▸ **Records from a data source**:
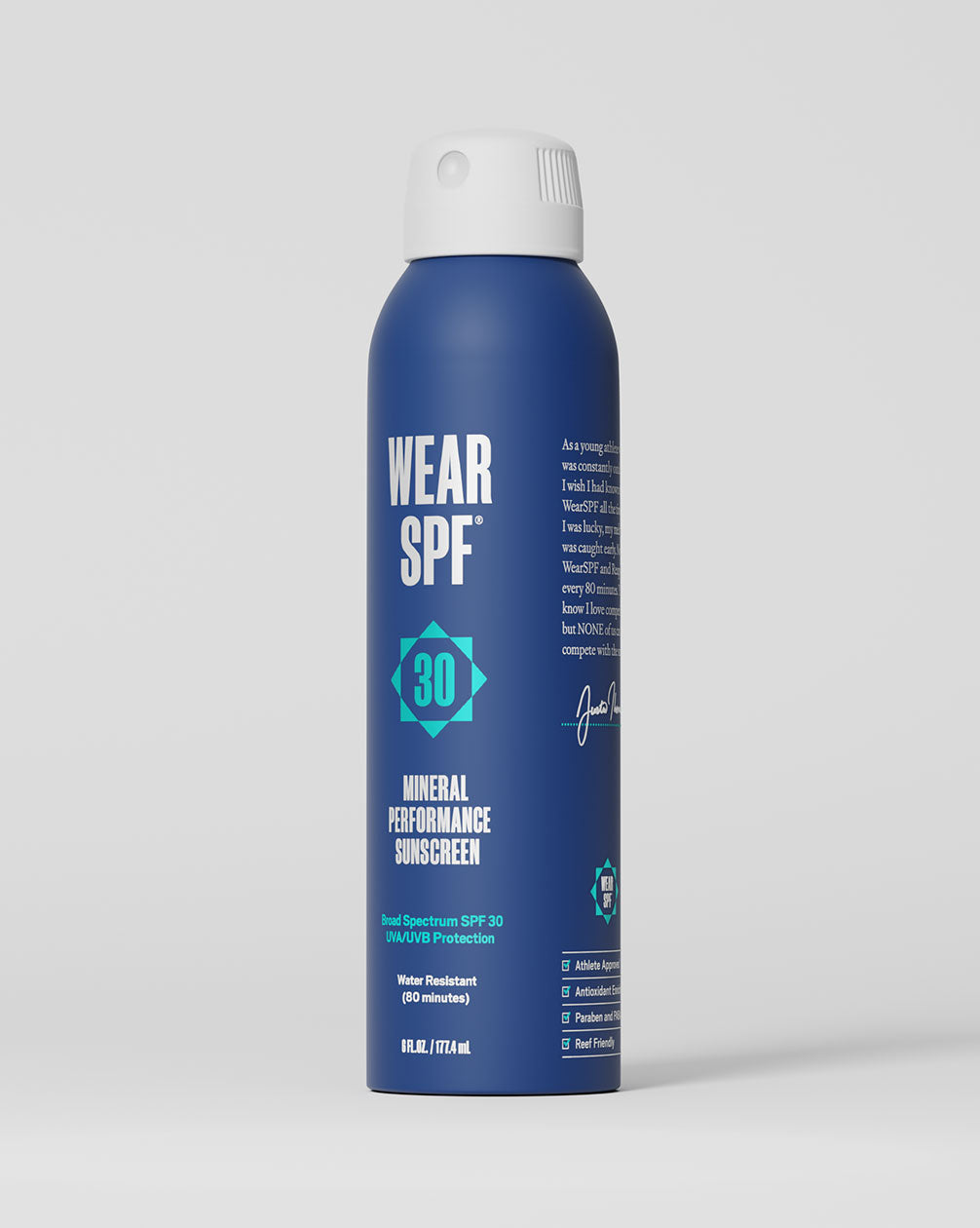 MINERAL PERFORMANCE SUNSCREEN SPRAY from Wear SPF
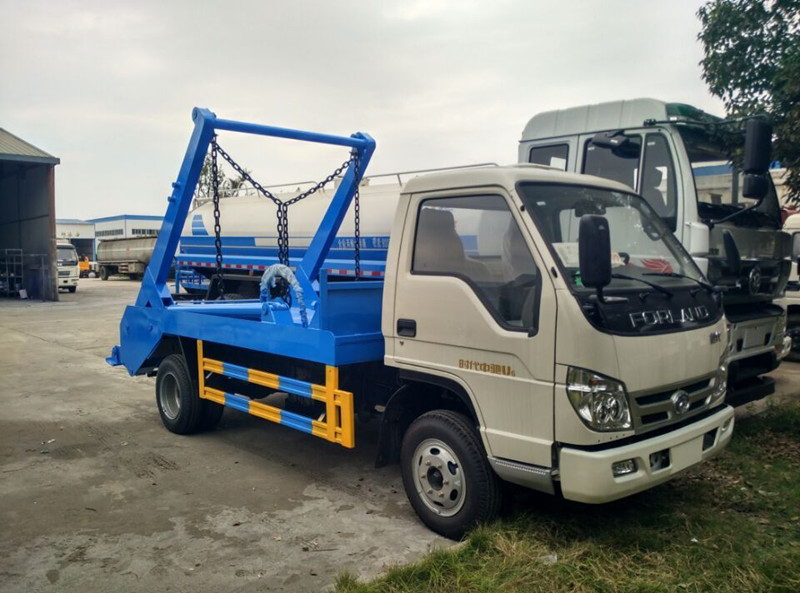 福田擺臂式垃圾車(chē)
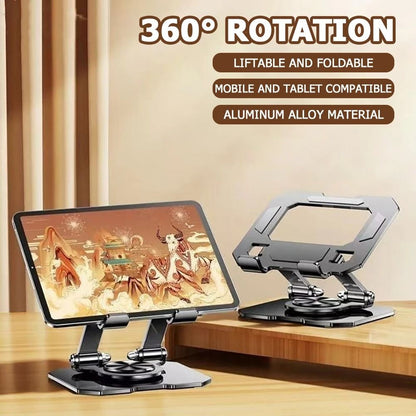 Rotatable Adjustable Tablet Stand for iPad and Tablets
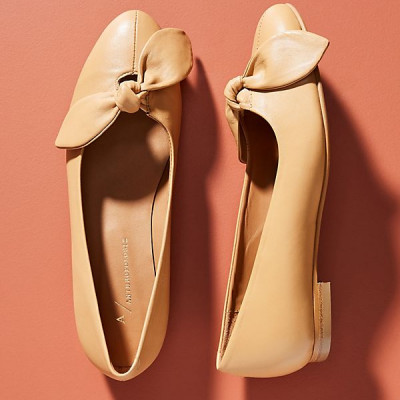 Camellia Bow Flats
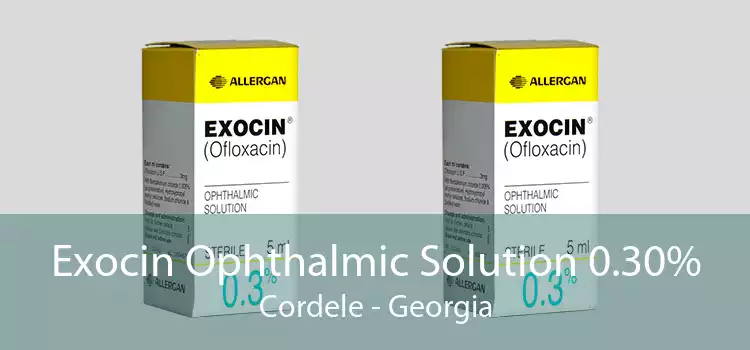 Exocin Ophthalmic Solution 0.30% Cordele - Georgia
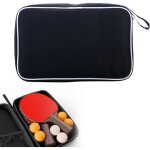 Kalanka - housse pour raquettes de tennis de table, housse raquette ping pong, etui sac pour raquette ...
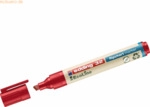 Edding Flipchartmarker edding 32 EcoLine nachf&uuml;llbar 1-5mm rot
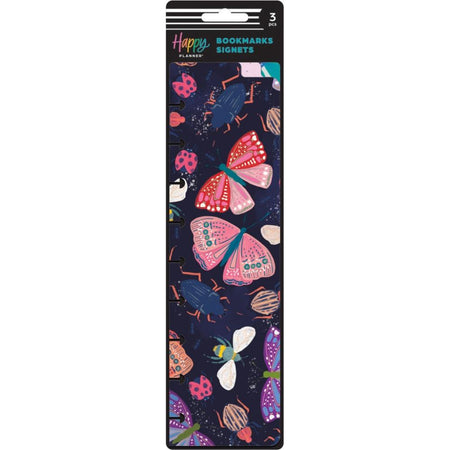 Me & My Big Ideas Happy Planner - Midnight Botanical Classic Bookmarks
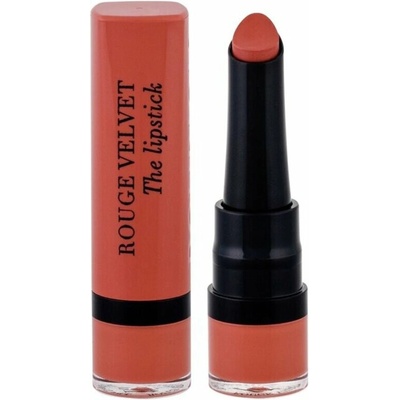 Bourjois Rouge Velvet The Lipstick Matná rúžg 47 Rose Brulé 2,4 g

▸ **Prompt**: Could you output every record above exactly as it appears, without the pictures?

▸ **Your response**:
 MINERAL PERFORMANCE SUNSCREEN SPRAY from Wear SPF
 福田擺臂式垃圾車(chē)
 Rotatable Adjustable Tablet Stand for iPad and Tablets
 Camellia Bow Flats
 Exocin Ophthalmic Solution 0.30% Cordele - Georgia
 Kalanka - housse pour raquettes de tennis de table, housse raquette ping pong, etui sac pour raquette ...
 Edding Flipchartmarker edding 32 EcoLine nachf&uuml;llbar 1-5mm rot
 Me & My Big Ideas Happy Planner - Midnight Botanical Classic Bookmarks
 Bourjois Rouge Velvet The Lipstick Matná rúžg 47 Rose Brulé 2,4 g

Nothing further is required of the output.